Il mio ultimo ricordo da liceale è legato alla prova orale dell’esame di maturità. Nel 1992 la commissione era composta da docenti esterni e da un solo rappresentante interno, che per la mia classe fu il professore Monterosso. La mattina in cui dovetti sostenere l’esame era però presente anche il professore D’Agostino, che aveva accompagnato la figlia Linuccia, mia compagna di classe. Mi vide vicino ad una finestra, mentre cercavo di concentrarmi e di tenere a bada la tensione. Si avvicinò e con la sua consueta calma mi disse: «Come va? Stai tranquillo. Vedrai che andrà tutto bene», con lo sguardo e il tono di voce del genitore, non del docente.
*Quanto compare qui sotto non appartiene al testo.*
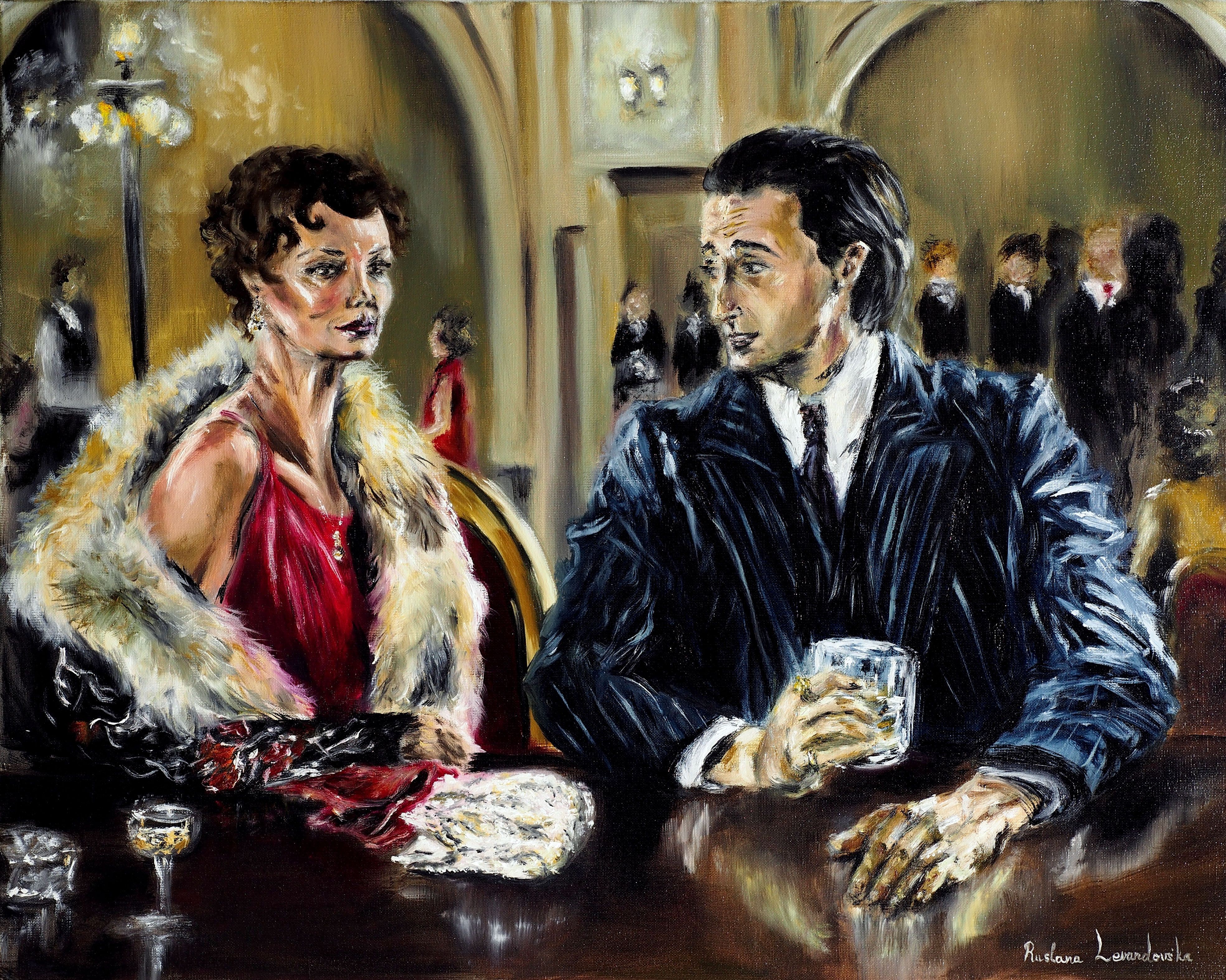 Ruslana Levandovska, Evening at the Bar Ruslana Levandovska, Evening at the Bar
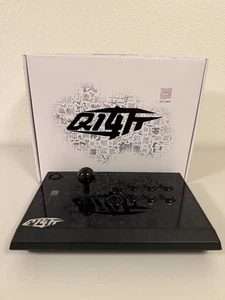 Qanba Q1-BL Black Arcade Joy Stick PS3/PC Compatible (Fightstick) Complete - Picture 1 of 5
La comunità eufemiese piange insieme a quella di Santo Stefano la perdita di un grande figlio. In un pubblico manifesto affisso per iniziativa di Carmela Cutrì, allieva ed erede della cattedra che fu di D’Agostino, gli alunni transitati dal “Fermi” hanno preso in prestito le parole di Seneca («Da un uomo grande c’è qualcosa da imparare anche quando tace») per rivolgere al loro professore un saluto riverente: «Ha lasciato un segno indelebile in ognuno di noi, PROFESSORE. Grazie per i suoi insegnamenti, la sua grande umanità, la sua fermezza, la sua immensa cultura, il suo irreprensibile senso del dovere. Grazie per quanto ci ha donato».